■ Task goal: Write out the lines starting at the one that holds "Lake Ilopango is" and ending with the final line of the data, exactly and with no others.

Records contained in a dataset
== == ==
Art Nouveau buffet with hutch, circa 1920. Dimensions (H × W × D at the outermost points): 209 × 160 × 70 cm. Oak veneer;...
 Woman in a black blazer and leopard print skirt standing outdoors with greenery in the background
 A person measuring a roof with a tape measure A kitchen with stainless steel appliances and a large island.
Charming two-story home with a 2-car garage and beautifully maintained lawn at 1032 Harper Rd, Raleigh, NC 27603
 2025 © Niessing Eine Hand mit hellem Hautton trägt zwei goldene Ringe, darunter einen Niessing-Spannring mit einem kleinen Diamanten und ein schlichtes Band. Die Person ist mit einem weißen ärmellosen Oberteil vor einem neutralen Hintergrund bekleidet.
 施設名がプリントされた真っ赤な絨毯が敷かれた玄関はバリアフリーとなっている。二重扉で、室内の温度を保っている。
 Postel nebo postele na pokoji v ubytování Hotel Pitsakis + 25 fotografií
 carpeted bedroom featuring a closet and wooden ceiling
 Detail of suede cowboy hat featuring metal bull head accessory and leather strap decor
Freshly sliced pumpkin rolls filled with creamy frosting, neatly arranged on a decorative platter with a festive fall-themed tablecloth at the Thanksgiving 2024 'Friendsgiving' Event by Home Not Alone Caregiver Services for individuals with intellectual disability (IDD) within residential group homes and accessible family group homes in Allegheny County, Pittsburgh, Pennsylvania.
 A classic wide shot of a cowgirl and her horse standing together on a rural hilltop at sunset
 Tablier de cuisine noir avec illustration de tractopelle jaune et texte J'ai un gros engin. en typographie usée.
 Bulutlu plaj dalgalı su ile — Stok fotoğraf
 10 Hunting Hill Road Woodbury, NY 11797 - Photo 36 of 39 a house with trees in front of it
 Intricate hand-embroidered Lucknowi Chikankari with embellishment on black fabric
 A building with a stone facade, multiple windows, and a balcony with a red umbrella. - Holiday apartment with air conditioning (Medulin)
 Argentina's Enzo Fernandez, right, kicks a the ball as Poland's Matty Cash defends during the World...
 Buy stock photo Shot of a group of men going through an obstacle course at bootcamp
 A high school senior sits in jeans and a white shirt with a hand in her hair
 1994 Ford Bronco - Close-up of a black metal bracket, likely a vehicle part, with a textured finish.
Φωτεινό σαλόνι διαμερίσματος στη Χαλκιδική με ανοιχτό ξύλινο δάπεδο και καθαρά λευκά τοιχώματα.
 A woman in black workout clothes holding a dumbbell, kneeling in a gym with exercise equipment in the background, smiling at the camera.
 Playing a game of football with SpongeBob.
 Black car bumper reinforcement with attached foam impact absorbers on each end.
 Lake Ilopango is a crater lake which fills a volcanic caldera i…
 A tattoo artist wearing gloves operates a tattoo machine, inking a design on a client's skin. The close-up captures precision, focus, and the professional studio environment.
== == ==
■ Answer to this exercise:
 Lake Ilopango is a crater lake which fills a volcanic caldera i…
 A tattoo artist wearing gloves operates a tattoo machine, inking a design on a client's skin. The close-up captures precision, focus, and the professional studio environment.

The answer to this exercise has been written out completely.